James – I don’t see any reason why there can’t be, or why there isn’t likely to be, both. Calvin obviously hates his rapist but he was also attracted to him at one point, on some level, and sexual abuse creates very complex, confusing sets of thoughts and feelings. The constant abuse is horrible, but in a way it’s also Calvin’s “thing,” his first foray into sexuality and adult attention. Later in the story, when he screams “You said just me!”, his anger is stemming from protectiveness of Maggie, but also I think clearly from jealousy, and also from the guilt he feels from having “asked for it” and started the cycle of abuse (in his mind). Seeing Maggie as sexually threatening/frightening is part of why Calvin still can’t talk to her as an adult. He loves her, he wants to protect her, but he is still intimidated by her, and the part of him that would learn to process adult relationships has been irrevocably broken.
Charles–
I’m going to post your comment over at the thread for my essay. What you’re responding to wasn’t written for the context of this thread. I’m fine with Suat posting that comment over here, but if someone is going to reply to me exclusively, I think it’s best that we have that discussion in the thread following my essay. If you haven’t read that piece or the accompanying thread, I’d appreciate your taking time out to do so.

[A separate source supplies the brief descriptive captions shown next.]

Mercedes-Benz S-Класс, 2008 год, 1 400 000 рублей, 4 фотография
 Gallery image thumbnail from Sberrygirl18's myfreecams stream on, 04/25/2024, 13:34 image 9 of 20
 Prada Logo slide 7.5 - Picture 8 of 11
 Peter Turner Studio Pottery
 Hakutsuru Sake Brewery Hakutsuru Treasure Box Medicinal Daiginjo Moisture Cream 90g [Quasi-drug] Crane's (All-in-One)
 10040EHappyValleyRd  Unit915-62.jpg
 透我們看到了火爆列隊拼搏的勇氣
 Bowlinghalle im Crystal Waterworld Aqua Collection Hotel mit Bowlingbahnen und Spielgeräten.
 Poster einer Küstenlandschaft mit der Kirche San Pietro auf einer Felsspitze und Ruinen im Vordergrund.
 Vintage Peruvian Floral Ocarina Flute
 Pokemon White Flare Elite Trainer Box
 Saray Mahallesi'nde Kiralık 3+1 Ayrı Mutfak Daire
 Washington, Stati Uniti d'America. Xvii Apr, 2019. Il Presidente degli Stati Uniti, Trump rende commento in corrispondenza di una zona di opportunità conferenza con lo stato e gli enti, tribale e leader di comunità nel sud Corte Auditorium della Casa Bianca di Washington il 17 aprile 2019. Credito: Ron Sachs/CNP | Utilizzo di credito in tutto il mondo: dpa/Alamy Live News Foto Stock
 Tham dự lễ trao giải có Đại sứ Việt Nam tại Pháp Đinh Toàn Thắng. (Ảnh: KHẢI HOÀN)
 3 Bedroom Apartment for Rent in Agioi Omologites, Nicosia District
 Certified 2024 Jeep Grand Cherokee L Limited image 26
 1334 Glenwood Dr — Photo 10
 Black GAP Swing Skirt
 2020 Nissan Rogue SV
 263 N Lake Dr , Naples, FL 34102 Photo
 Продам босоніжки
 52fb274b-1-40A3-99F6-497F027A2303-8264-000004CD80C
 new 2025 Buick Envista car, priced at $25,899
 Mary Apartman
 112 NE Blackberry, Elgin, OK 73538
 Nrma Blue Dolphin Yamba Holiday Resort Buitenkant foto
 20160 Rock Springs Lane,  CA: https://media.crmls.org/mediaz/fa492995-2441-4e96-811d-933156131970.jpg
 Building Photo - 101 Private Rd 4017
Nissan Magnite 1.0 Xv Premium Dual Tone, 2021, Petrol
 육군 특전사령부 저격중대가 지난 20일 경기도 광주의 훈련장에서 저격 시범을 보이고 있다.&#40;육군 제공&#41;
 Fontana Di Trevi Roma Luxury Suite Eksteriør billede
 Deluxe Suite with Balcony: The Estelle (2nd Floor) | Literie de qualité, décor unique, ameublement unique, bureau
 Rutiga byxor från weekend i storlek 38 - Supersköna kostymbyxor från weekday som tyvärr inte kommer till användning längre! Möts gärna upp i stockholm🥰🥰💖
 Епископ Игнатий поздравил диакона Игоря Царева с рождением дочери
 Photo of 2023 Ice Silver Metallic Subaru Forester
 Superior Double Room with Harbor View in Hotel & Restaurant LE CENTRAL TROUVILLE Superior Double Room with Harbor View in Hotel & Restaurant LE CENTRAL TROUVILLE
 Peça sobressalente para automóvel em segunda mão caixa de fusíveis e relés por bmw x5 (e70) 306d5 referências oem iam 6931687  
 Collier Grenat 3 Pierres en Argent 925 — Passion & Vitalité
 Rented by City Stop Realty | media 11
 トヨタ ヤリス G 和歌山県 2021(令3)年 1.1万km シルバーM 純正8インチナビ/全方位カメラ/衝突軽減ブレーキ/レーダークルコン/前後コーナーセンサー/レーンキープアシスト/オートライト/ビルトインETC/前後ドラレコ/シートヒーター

I’ll respond either tonight or tomorrow. If you have anything you’d like to add before then, please do. Thanks.
Jason: To my eyes, Calvin early on perhaps looks up to the unnamed bigger kid and wants to be part of the group, but that does not mean that he in any way thinks he “asked for” being repeatedly buggered. The right panel of the two above is drawn from Calvin’s POV, he sees Maggie and that kid as beautiful, as little children will see older teenagers, but he knows exactly what ugliness underlies his rapist’s appearance. And I don’t see Calvin as sexually attacted to Maggie, he loves her as his sister.
James – again, I don’t think that what you’re describing and what I’m describing are mutually exclusive. Calvin can love Maggie as his older sister and still be intimidated and confused by her sexual attractiveness. That’s a pretty common psychological event, if I’m not mistaken.
Particularly because Calvin’s relationship to sex at this point is so thoroughly debased and confused that he would have all sorts of conflicting feelings that he doesn’t understand fully.
My response to Charles is here.
I’m glad you put up the examples you did; it is interesting how the right hand panel, the glamorized POV shot, complicates reading—Jaime here wants us to see how Calvin is percieving what is going on…none of this is accidental
“I think these comments rhetorically construct JH as naive and in thrall to soap opera/comic book conventions. That’s a very reductive characterization in my view.”
Maybe he’s not always in thrall to those conventions. But he is at least some of the time. The awkward twists from the past few volumes and that goofy “secret marriage” from the “Penny Century” book come to mind.
“Not so. The great Jaime Hernandez stories (and “Flies on the Ceiling” is emphatically one of them) possess an internal consistency and crystalline formal and aesthetic unity that makes them noteworthy and powerful on their own terms.”
“Narrative arc” implies that there’s a finality, a true ending to the story. Many times JH has hedged his bets, like with “Ghost of Hoppers” and apparently with vol. 4 where the “arc” is left ambigious for purposes of revisiting the characters somewhere down the line.